%%

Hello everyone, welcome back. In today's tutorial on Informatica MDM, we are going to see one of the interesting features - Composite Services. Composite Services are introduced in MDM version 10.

%%
%%

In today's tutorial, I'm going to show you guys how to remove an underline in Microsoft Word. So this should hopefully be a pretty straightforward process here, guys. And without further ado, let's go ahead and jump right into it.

%%
%%

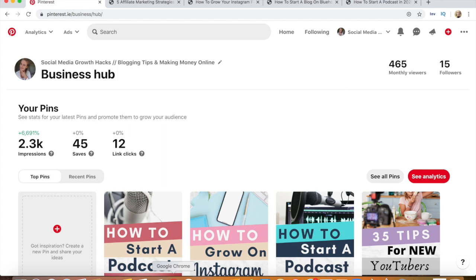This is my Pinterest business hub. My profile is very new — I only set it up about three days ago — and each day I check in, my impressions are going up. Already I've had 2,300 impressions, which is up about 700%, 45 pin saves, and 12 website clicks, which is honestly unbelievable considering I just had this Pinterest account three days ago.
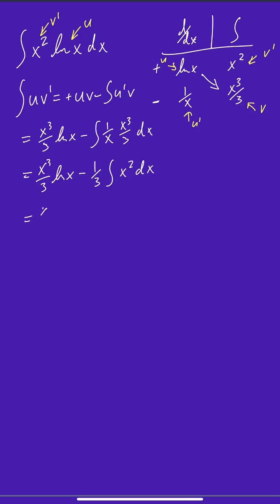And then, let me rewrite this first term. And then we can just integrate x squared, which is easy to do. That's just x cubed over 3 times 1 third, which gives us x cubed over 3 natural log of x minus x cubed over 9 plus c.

%%

*What you should do*.
Where does the word "tutorial" occur in the records? Return every line that holds it.

*Task solution*.
Hello everyone, welcome back. In today's tutorial on Informatica MDM, we are going to see one of the interesting features - Composite Services. Composite Services are introduced in MDM version 10.
In today's tutorial, I'm going to show you guys how to remove an underline in Microsoft Word. So this should hopefully be a pretty straightforward process here, guys. And without further ado, let's go ahead and jump right into it.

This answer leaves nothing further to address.